BEGIN MATERIAL FOR THE TASK
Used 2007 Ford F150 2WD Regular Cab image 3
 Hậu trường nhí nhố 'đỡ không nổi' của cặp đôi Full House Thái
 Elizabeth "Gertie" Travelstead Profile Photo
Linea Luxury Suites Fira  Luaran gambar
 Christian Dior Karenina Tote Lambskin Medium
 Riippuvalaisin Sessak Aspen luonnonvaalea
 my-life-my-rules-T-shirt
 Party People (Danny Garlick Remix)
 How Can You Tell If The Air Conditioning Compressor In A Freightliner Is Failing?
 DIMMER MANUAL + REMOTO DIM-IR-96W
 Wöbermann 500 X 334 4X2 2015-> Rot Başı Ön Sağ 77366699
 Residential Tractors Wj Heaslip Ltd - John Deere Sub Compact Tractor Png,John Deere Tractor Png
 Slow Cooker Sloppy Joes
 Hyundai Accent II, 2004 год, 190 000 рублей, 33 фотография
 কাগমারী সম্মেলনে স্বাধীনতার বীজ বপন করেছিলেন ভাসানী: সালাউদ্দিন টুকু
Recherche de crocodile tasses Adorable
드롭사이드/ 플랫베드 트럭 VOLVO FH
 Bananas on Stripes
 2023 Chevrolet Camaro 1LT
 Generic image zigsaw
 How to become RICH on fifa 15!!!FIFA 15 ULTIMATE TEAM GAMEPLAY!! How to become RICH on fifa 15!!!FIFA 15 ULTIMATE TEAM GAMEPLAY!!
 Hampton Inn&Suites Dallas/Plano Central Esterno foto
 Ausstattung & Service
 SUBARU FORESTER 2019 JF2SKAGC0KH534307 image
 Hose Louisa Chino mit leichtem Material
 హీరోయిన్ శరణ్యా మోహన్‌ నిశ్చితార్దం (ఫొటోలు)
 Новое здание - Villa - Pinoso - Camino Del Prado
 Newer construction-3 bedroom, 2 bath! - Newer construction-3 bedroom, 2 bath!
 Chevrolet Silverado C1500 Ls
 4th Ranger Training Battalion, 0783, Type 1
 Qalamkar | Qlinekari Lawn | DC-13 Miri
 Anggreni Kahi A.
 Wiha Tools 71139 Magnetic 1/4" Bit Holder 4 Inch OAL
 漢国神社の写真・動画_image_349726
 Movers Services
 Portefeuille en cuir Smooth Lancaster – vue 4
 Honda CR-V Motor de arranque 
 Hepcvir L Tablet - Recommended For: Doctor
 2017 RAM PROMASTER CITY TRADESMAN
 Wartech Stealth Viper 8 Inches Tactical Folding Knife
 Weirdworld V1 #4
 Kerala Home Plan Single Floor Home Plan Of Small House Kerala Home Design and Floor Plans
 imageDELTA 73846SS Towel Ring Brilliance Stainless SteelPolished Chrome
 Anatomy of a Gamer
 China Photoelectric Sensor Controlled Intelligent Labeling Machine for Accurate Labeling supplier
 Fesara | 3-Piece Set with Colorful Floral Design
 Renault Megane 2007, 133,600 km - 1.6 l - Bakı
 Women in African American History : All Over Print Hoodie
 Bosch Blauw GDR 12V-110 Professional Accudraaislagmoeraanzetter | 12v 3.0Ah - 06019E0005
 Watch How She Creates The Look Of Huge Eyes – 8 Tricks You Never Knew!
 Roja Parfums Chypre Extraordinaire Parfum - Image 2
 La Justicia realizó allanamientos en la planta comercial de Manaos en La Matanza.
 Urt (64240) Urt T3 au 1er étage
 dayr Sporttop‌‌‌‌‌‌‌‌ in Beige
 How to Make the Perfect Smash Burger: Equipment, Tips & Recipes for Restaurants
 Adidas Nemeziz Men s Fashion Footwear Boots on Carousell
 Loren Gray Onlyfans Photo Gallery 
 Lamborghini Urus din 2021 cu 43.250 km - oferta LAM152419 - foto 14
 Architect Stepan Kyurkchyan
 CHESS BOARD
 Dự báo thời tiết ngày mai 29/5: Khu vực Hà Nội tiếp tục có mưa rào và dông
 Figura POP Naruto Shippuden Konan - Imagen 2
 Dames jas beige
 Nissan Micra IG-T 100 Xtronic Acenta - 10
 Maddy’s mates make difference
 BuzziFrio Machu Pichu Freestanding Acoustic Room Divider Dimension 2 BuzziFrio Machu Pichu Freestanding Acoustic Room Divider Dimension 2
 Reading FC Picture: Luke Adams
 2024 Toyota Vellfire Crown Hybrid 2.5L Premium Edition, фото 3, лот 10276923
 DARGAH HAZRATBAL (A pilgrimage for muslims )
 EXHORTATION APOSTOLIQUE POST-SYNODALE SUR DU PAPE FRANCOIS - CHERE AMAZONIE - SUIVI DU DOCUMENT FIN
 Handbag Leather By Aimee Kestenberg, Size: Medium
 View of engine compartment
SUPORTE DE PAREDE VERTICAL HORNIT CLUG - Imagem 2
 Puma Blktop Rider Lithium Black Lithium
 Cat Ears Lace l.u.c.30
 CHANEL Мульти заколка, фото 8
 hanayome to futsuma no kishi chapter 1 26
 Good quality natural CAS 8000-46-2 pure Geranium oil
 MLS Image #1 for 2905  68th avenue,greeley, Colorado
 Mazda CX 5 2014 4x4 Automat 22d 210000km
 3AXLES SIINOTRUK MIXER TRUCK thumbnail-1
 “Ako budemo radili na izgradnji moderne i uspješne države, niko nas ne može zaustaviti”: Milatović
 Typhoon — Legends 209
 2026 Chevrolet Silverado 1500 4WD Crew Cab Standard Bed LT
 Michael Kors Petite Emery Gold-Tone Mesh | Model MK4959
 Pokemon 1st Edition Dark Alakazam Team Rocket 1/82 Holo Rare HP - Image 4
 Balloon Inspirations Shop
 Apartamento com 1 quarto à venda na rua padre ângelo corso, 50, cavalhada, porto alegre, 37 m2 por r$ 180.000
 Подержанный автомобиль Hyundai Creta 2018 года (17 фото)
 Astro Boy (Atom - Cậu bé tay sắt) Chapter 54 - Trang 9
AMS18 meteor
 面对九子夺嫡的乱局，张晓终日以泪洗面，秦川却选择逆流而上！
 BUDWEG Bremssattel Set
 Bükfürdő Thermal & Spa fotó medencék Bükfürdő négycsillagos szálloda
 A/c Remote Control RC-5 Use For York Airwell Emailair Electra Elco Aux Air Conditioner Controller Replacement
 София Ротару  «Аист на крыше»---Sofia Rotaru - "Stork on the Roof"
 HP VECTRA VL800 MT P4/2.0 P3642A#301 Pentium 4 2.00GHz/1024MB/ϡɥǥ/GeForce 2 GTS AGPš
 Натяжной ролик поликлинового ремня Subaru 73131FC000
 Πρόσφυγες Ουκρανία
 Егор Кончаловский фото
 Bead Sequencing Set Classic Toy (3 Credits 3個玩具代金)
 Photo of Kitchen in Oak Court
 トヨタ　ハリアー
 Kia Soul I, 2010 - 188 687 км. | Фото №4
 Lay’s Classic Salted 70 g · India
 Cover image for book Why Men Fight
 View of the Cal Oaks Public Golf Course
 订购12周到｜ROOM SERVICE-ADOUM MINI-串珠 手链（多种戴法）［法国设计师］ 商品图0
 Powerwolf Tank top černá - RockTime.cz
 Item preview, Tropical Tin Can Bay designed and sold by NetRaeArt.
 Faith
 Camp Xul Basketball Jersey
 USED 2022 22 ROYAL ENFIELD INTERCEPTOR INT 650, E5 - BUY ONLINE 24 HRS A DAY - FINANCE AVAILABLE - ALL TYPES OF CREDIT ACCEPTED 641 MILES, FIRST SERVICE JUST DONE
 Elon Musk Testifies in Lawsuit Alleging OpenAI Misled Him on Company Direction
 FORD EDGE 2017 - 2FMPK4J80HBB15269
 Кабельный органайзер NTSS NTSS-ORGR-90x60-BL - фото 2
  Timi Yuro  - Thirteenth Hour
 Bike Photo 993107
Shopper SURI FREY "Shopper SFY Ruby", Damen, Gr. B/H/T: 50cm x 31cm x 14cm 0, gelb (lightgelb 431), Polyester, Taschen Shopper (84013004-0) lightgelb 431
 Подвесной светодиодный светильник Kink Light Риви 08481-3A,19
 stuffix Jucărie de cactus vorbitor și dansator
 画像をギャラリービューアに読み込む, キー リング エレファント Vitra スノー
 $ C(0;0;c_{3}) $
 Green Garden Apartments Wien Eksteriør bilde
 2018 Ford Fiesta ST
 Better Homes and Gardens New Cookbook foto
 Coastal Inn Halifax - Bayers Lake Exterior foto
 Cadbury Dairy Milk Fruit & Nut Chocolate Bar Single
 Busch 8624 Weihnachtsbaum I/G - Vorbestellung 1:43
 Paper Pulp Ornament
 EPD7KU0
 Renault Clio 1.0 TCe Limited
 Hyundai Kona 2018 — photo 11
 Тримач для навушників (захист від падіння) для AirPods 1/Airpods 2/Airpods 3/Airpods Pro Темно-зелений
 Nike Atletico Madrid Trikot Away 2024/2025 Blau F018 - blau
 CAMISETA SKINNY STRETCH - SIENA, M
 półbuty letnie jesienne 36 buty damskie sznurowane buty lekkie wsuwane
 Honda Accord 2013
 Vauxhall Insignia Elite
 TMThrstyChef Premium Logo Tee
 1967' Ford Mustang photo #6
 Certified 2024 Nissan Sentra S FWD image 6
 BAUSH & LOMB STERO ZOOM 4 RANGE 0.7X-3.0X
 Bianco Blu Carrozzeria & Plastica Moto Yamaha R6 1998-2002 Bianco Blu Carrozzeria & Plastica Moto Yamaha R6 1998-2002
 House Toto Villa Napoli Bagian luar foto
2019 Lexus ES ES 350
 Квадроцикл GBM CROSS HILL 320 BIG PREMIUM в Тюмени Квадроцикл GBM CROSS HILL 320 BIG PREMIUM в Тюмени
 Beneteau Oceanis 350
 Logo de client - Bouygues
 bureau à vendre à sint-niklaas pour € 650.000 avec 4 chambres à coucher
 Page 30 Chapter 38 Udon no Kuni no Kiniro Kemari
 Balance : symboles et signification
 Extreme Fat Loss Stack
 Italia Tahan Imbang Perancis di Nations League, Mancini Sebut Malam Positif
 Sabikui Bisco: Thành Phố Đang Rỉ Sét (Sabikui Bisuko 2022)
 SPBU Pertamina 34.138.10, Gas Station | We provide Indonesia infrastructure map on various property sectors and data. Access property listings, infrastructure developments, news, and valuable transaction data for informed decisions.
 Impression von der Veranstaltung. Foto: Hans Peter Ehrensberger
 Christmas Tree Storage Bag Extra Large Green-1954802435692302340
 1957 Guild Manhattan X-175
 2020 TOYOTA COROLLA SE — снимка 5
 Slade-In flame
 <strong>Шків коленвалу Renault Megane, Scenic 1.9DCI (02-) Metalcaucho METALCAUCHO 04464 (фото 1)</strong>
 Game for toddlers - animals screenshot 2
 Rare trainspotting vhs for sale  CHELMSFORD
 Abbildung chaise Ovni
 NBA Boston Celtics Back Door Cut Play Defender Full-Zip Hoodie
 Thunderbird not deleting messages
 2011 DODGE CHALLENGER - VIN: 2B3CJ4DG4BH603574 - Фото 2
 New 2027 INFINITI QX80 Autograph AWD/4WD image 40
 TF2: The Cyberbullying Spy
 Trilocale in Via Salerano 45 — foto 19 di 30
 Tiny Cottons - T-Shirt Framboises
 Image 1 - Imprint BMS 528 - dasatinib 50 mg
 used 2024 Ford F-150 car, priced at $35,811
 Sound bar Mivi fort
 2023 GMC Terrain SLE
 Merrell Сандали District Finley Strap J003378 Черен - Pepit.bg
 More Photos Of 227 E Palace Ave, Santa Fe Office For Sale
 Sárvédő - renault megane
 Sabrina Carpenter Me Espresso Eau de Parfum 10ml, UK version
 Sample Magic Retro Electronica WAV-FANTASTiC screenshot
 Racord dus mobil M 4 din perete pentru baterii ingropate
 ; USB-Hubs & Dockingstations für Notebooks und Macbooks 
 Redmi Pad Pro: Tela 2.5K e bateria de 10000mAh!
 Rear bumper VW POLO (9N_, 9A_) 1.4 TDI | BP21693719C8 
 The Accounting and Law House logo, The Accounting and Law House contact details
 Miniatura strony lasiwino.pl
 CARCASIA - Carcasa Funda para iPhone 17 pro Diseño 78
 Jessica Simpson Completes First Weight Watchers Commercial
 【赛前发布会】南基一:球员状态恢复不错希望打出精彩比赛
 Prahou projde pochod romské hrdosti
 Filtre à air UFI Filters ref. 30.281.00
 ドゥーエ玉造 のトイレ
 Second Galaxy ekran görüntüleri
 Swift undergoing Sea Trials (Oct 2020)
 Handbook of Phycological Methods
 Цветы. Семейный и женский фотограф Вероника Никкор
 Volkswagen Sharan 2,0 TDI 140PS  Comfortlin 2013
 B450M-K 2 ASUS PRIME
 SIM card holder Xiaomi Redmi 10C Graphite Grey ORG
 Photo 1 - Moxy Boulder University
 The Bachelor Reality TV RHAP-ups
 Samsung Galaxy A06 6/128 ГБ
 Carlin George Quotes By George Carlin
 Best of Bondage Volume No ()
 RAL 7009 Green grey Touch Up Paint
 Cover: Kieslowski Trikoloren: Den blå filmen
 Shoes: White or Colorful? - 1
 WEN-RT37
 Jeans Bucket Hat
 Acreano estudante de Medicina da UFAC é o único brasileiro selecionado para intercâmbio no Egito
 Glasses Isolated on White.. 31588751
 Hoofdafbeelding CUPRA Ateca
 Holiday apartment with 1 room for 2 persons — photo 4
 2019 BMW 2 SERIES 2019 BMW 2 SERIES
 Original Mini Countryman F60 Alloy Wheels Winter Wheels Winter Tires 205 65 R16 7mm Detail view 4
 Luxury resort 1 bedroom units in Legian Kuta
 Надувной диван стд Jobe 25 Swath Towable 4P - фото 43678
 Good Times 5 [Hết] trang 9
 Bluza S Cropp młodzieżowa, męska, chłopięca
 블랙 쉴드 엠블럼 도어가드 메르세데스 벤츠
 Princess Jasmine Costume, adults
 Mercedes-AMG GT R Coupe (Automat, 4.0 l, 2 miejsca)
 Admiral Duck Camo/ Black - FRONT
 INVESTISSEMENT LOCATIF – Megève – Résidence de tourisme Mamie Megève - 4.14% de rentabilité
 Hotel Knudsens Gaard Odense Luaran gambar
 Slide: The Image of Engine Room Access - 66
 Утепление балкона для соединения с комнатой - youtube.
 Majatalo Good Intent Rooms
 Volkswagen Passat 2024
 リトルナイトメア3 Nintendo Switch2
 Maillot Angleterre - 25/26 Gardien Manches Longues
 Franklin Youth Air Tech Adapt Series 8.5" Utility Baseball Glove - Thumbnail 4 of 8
END MATERIAL FOR THE TASK
**YOUR ASSIGNMENT**
An exact repeat of the lines from the one containing "Volkswagen Passat 2024" through the final line above, both included, is the whole answer.

**EXERCISE ANSWER**
 Volkswagen Passat 2024
 リトルナイトメア3 Nintendo Switch2
 Maillot Angleterre - 25/26 Gardien Manches Longues
 Franklin Youth Air Tech Adapt Series 8.5" Utility Baseball Glove - Thumbnail 4 of 8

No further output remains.